**WORK ITEM:** Write out exactly the lines from the start of the entries through the one that contains "A covered outdoor", including both.

[SUPPLIED MATERIAL]

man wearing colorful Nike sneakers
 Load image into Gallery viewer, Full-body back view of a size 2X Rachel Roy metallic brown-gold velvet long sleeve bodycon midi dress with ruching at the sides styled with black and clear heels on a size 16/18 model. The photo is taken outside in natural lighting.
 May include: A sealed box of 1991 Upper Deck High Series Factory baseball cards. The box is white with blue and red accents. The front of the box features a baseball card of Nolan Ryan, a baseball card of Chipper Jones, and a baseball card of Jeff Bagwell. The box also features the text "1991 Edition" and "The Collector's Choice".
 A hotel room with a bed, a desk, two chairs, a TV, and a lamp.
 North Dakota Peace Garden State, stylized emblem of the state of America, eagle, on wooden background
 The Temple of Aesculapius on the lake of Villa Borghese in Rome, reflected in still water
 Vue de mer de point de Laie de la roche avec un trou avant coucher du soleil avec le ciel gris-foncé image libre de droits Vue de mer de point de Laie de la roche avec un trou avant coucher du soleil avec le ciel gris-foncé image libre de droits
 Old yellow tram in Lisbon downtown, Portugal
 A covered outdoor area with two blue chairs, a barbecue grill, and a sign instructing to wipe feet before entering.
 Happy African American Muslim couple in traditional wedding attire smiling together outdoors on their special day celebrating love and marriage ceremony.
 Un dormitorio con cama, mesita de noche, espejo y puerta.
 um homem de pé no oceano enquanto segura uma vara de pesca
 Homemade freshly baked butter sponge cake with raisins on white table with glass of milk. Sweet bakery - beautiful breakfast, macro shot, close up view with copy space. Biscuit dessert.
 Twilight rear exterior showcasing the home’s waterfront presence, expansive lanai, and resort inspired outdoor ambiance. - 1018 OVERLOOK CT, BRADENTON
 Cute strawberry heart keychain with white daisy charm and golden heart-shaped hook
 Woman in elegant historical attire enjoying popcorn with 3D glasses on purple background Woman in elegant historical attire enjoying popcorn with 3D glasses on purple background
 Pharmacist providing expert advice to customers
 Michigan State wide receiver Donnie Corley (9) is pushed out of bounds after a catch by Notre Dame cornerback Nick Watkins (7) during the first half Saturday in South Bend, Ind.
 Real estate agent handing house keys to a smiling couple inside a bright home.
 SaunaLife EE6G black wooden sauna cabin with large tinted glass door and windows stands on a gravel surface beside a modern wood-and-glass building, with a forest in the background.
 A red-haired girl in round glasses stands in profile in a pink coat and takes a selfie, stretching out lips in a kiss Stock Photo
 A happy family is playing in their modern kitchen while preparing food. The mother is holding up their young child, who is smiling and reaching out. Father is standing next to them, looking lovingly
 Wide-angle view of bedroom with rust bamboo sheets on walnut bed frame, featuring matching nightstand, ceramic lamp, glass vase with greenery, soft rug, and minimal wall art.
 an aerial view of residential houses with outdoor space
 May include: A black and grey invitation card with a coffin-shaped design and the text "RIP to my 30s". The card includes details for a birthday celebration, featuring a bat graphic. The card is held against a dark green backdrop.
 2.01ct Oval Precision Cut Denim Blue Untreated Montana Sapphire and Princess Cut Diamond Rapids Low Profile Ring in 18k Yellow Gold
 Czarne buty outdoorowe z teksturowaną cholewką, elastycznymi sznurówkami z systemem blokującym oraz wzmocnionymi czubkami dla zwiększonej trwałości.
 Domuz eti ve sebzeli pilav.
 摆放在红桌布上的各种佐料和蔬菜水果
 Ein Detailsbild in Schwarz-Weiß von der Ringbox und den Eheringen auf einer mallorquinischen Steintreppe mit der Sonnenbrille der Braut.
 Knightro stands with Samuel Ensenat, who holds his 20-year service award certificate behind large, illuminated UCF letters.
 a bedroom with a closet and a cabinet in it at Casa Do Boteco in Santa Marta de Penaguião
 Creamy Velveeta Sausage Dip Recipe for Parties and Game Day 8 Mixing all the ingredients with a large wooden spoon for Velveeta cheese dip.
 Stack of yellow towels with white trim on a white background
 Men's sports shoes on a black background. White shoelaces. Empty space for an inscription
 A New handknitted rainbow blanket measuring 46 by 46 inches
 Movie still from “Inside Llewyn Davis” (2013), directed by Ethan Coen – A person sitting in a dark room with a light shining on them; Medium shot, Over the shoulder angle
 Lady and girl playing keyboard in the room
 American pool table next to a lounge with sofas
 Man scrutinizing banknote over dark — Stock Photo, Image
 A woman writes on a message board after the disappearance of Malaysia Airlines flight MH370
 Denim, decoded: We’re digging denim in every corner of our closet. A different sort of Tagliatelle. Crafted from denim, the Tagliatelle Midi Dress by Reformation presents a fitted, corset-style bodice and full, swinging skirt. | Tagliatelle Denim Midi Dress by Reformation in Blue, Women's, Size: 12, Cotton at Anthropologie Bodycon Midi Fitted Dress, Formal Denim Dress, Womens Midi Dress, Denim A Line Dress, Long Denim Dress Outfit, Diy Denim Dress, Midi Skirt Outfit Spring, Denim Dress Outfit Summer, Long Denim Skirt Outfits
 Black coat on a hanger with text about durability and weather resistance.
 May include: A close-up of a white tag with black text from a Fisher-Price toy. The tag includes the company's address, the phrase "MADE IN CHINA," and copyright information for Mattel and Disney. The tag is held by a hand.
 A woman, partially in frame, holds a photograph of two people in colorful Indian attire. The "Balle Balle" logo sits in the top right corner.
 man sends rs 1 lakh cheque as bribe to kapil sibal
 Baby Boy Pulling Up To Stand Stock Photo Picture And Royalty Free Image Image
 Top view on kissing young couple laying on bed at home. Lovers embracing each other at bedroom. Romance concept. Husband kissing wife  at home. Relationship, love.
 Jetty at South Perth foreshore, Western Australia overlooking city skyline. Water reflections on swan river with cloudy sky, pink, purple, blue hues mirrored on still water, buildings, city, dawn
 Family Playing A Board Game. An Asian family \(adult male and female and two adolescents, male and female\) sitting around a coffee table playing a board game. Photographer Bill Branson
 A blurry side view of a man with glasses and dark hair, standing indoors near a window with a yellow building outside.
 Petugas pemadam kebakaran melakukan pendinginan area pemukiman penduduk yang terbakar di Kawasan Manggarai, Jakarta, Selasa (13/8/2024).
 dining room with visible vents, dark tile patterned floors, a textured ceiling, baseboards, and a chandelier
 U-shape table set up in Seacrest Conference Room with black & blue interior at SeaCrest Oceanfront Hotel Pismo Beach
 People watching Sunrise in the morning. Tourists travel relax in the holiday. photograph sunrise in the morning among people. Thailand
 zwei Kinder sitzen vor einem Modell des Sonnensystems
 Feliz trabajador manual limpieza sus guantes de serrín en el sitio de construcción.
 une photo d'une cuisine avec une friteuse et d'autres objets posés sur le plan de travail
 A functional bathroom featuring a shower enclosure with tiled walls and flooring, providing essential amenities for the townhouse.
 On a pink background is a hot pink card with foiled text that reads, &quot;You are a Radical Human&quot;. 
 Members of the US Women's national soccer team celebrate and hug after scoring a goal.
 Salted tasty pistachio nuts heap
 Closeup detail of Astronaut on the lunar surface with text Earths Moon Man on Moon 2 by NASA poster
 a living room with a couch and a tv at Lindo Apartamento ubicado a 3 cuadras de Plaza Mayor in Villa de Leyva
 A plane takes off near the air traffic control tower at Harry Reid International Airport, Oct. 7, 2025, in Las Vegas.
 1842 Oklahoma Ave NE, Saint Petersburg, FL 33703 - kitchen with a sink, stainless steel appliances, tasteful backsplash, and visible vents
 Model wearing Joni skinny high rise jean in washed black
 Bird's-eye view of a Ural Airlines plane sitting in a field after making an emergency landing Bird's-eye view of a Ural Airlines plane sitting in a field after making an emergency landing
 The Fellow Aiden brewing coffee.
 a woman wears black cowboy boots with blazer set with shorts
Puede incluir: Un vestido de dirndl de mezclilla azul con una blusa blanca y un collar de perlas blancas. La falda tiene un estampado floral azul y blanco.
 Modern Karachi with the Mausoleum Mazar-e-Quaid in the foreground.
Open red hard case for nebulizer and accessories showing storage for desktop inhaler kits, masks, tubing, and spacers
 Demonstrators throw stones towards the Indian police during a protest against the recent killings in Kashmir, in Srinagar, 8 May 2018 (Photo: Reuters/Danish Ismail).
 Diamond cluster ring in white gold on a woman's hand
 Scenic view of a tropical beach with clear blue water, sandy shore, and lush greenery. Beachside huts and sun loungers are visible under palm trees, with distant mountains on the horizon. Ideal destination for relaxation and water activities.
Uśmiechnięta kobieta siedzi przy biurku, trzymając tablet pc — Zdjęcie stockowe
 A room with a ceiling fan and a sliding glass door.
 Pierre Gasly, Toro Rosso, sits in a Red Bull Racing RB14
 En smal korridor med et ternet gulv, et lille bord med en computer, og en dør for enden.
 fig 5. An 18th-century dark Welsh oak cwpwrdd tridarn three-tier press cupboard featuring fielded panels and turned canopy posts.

[/SUPPLIED MATERIAL]

**OUTPUT OF THE EXERCISE:**
man wearing colorful Nike sneakers
 Load image into Gallery viewer, Full-body back view of a size 2X Rachel Roy metallic brown-gold velvet long sleeve bodycon midi dress with ruching at the sides styled with black and clear heels on a size 16/18 model. The photo is taken outside in natural lighting.
 May include: A sealed box of 1991 Upper Deck High Series Factory baseball cards. The box is white with blue and red accents. The front of the box features a baseball card of Nolan Ryan, a baseball card of Chipper Jones, and a baseball card of Jeff Bagwell. The box also features the text "1991 Edition" and "The Collector's Choice".
 A hotel room with a bed, a desk, two chairs, a TV, and a lamp.
 North Dakota Peace Garden State, stylized emblem of the state of America, eagle, on wooden background
 The Temple of Aesculapius on the lake of Villa Borghese in Rome, reflected in still water
 Vue de mer de point de Laie de la roche avec un trou avant coucher du soleil avec le ciel gris-foncé image libre de droits Vue de mer de point de Laie de la roche avec un trou avant coucher du soleil avec le ciel gris-foncé image libre de droits
 Old yellow tram in Lisbon downtown, Portugal
 A covered outdoor area with two blue chairs, a barbecue grill, and a sign instructing to wipe feet before entering.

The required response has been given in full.